Understanding these elements of a right triangle helps establish relationships using trigonometric functions, particularly in solving problems related to angles and side lengths.

The angle of elevation is the angle formed between a horizontal line of sight and the line of sight up to an object. In our scenario with the space shuttle, the observer's sightline starts at the launch pad level and angles upwards towards the shuttle. When calculating the angle of elevation in problems, you typically consider the base as a reference point, often using horizontal lines such as the ground level or the observer's eye level. This angle becomes crucial when utilizing trigonometric functions to ascertain height or distance.For instance, if the observer views the shuttle making an angle \(\theta\) with the horizontal plane, this angle helps us find:

• The height of the shuttle using the tangent function: \(\tan(\theta) = \frac{h}{2}\), where \(h\) is the height of the space shuttle.

Thus, expressing the height in terms of this angle is key to solving real-world problems related to measurement and projection.

Inverse trigonometric functions are used to find angles when the values of the trigonometric functions are known. In typical scenarios, you take ratios derived from triangles and revert them to angles with these inverse functions.In the case of the space shuttle and observer, when the height \(h\) is known, but you need to determine the angle of elevation \(\theta\), the inverse trigonometric function comes into play.
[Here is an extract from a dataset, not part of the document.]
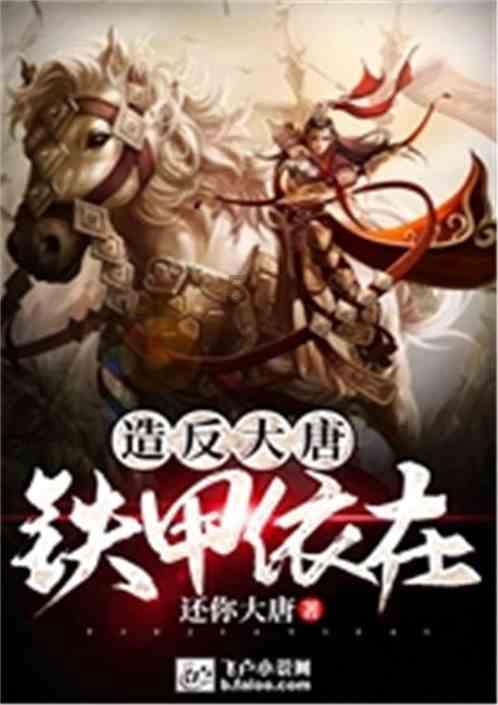 七夕情人节送什么好游戏画面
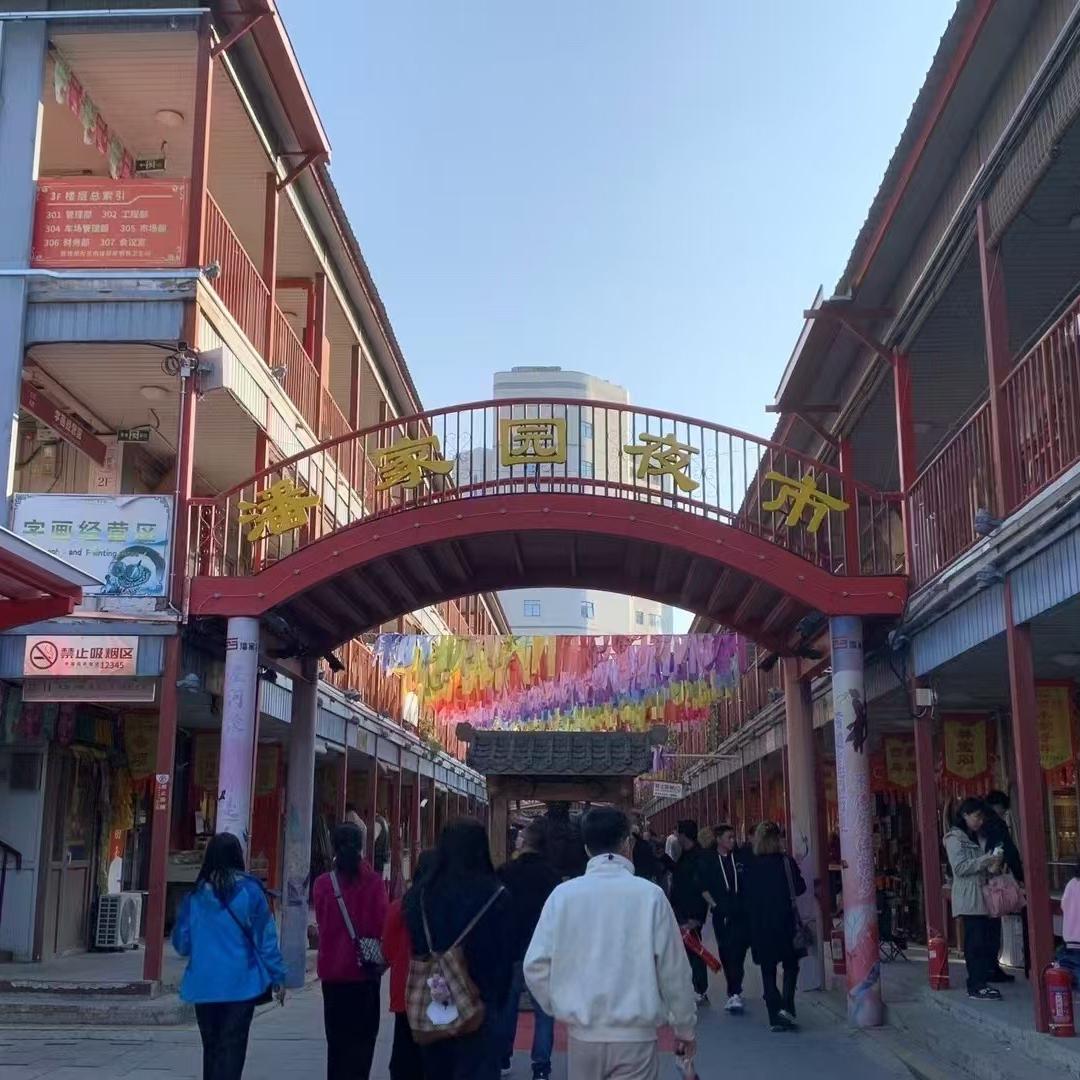 京城隆轩甄选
Specifically, the inverse tangent function, denoted as \(\arctan\), is utilized. This method is useful for recovering angle measures from known tangents:

• From \(\tan(\theta) = \frac{h}{2}\), solve for \(\theta\) by computing \(\theta = \arctan\left(\frac{h}{2}\right)\).

Inverse functions thus bridge the gap between knowing side ratios and determining precise angle measures, offering a powerful tool for varied calculations in trigonometry.